_WORK INSTRUCTIONS_:
Give an exact copy of the lines from the beginning of the listing below to the "Classic Penny Loafers-Dark Navy - Image 5" line, inclusive.
====== MATERIAL PROVIDED
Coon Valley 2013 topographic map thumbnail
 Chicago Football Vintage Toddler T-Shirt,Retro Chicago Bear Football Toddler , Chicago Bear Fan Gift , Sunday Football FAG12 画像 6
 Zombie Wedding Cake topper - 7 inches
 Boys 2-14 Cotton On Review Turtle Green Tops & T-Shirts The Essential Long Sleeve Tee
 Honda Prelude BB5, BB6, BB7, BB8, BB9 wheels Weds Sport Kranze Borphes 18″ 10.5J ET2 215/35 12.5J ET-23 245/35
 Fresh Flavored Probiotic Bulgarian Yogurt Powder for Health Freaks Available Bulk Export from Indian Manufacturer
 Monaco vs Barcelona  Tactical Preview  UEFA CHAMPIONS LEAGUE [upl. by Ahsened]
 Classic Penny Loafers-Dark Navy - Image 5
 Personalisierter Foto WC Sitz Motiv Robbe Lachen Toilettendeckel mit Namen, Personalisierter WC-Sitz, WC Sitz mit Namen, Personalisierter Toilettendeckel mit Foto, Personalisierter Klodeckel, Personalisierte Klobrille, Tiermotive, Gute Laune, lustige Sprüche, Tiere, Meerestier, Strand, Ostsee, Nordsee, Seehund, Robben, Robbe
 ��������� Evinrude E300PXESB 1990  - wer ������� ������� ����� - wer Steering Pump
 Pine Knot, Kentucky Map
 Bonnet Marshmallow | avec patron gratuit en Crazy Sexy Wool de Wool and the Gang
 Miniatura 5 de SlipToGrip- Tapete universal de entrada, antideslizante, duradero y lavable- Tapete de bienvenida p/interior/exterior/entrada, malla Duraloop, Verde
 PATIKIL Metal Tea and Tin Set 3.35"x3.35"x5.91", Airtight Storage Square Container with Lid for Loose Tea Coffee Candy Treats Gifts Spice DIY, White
============
_EXERCISE SOLUTION_:
Coon Valley 2013 topographic map thumbnail
 Chicago Football Vintage Toddler T-Shirt,Retro Chicago Bear Football Toddler , Chicago Bear Fan Gift , Sunday Football FAG12 画像 6
 Zombie Wedding Cake topper - 7 inches
 Boys 2-14 Cotton On Review Turtle Green Tops & T-Shirts The Essential Long Sleeve Tee
 Honda Prelude BB5, BB6, BB7, BB8, BB9 wheels Weds Sport Kranze Borphes 18″ 10.5J ET2 215/35 12.5J ET-23 245/35
 Fresh Flavored Probiotic Bulgarian Yogurt Powder for Health Freaks Available Bulk Export from Indian Manufacturer
 Monaco vs Barcelona  Tactical Preview  UEFA CHAMPIONS LEAGUE [upl. by Ahsened]
 Classic Penny Loafers-Dark Navy - Image 5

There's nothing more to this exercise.